### PROMPT
Set down, word for word, each line from the top of the data through the line that has "Otherwise, Friday's weather"; omit every picture.

### INFORMATION SUPPLIED
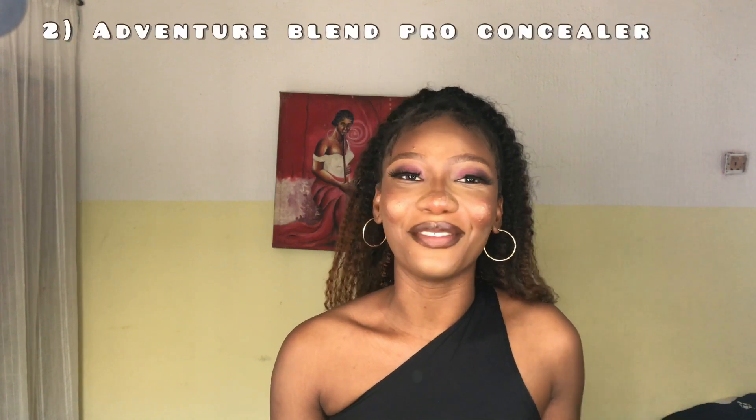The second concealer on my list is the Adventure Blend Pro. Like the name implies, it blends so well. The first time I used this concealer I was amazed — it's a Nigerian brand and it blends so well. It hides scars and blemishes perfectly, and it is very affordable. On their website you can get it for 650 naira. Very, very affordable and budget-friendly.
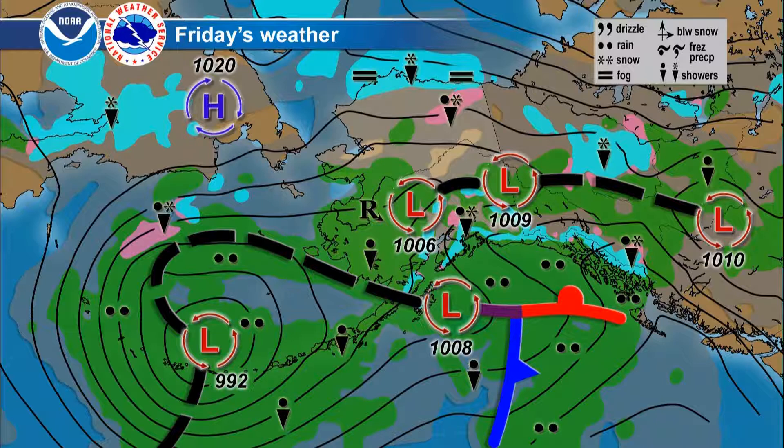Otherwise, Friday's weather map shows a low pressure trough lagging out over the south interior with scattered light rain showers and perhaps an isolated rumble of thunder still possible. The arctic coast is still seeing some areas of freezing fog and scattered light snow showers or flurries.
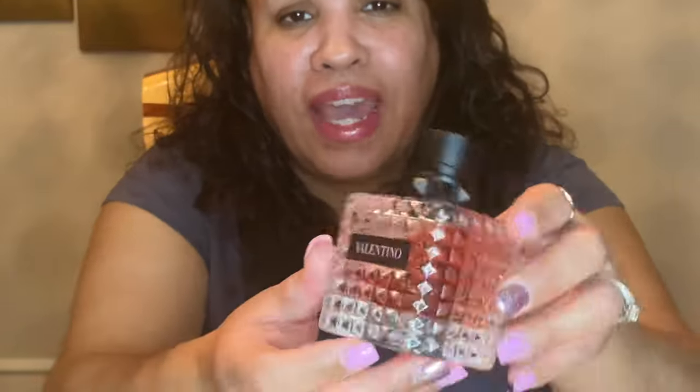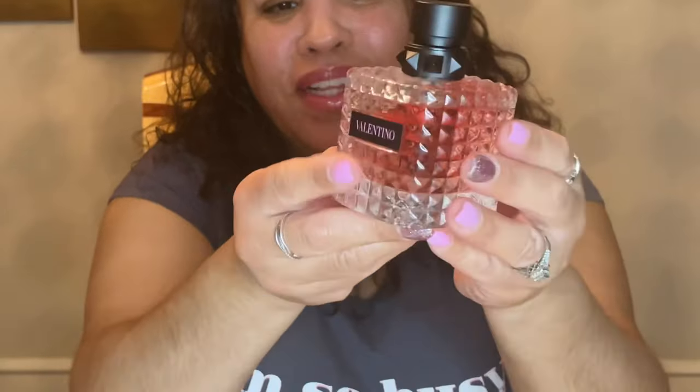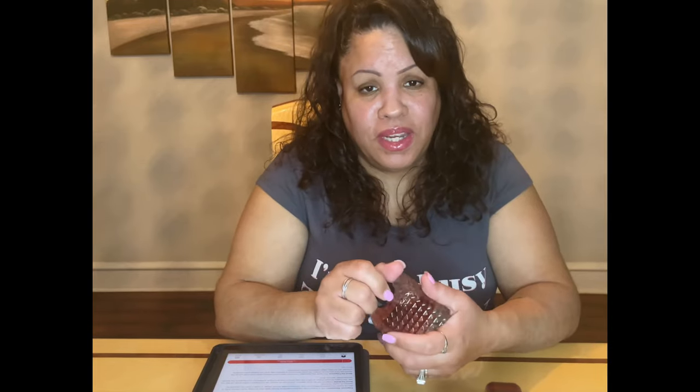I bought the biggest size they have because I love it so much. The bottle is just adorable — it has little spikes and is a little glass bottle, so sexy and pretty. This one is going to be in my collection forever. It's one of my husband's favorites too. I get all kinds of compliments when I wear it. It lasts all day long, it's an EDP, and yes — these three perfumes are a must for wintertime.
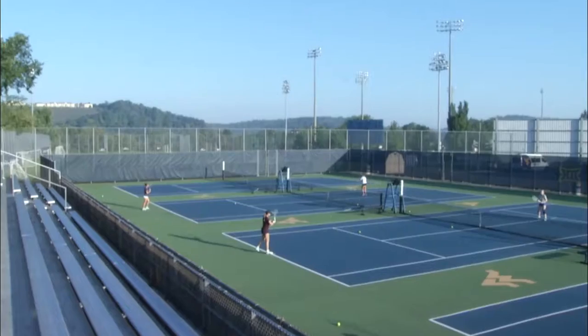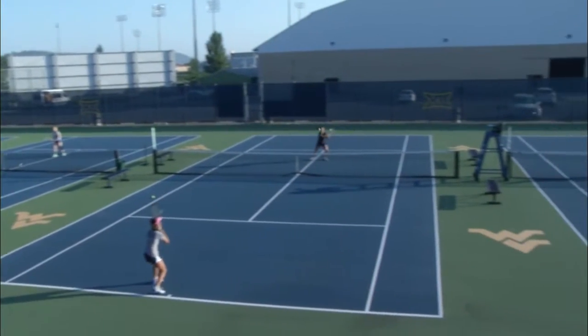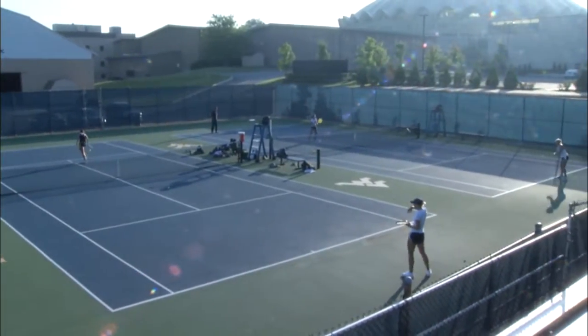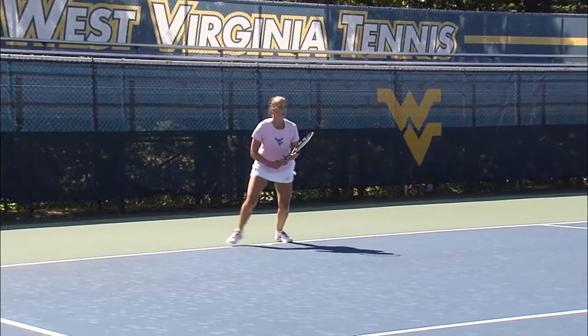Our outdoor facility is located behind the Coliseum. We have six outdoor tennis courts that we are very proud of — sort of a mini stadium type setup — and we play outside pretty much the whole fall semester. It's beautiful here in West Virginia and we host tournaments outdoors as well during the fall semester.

### RESPONSE AREA
The second concealer on my list is the Adventure Blend Pro. Like the name implies, it blends so well. The first time I used this concealer I was amazed — it's a Nigerian brand and it blends so well. It hides scars and blemishes perfectly, and it is very affordable. On their website you can get it for 650 naira. Very, very affordable and budget-friendly.
Otherwise, Friday's weather map shows a low pressure trough lagging out over the south interior with scattered light rain showers and perhaps an isolated rumble of thunder still possible. The arctic coast is still seeing some areas of freezing fog and scattered light snow showers or flurries.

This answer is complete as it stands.